» Description of the task: Each entry below should be retyped exactly as given.

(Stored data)
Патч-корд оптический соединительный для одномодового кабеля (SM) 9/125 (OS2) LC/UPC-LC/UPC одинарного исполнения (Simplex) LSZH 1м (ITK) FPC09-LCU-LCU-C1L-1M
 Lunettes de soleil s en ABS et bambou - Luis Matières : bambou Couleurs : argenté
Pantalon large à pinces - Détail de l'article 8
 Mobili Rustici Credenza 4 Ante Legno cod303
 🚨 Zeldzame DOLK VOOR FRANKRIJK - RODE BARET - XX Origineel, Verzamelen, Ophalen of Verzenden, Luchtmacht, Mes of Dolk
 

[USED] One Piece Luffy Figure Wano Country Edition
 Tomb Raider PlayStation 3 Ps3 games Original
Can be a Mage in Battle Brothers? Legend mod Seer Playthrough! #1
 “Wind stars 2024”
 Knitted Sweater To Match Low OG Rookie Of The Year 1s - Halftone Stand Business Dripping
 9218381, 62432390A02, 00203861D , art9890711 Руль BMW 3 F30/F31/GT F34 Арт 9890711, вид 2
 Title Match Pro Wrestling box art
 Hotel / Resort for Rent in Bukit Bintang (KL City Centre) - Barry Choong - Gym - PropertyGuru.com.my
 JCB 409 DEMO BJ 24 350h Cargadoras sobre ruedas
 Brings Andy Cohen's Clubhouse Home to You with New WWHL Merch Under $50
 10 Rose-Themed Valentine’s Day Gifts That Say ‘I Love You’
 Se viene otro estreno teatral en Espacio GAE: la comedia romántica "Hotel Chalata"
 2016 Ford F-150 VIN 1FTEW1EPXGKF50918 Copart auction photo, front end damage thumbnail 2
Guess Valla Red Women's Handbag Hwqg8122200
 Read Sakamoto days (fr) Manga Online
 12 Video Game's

» Exercise answer:
Патч-корд оптический соединительный для одномодового кабеля (SM) 9/125 (OS2) LC/UPC-LC/UPC одинарного исполнения (Simplex) LSZH 1м (ITK) FPC09-LCU-LCU-C1L-1M
 Lunettes de soleil s en ABS et bambou - Luis Matières : bambou Couleurs : argenté
Pantalon large à pinces - Détail de l'article 8
 Mobili Rustici Credenza 4 Ante Legno cod303
 🚨 Zeldzame DOLK VOOR FRANKRIJK - RODE BARET - XX Origineel, Verzamelen, Ophalen of Verzenden, Luchtmacht, Mes of Dolk
 

[USED] One Piece Luffy Figure Wano Country Edition
 Tomb Raider PlayStation 3 Ps3 games Original
Can be a Mage in Battle Brothers? Legend mod Seer Playthrough! #1
 “Wind stars 2024”
 Knitted Sweater To Match Low OG Rookie Of The Year 1s - Halftone Stand Business Dripping
 9218381, 62432390A02, 00203861D , art9890711 Руль BMW 3 F30/F31/GT F34 Арт 9890711, вид 2
 Title Match Pro Wrestling box art
 Hotel / Resort for Rent in Bukit Bintang (KL City Centre) - Barry Choong - Gym - PropertyGuru.com.my
 JCB 409 DEMO BJ 24 350h Cargadoras sobre ruedas
 Brings Andy Cohen's Clubhouse Home to You with New WWHL Merch Under $50
 10 Rose-Themed Valentine’s Day Gifts That Say ‘I Love You’
 Se viene otro estreno teatral en Espacio GAE: la comedia romántica "Hotel Chalata"
 2016 Ford F-150 VIN 1FTEW1EPXGKF50918 Copart auction photo, front end damage thumbnail 2
Guess Valla Red Women's Handbag Hwqg8122200
 Read Sakamoto days (fr) Manga Online
 12 Video Game's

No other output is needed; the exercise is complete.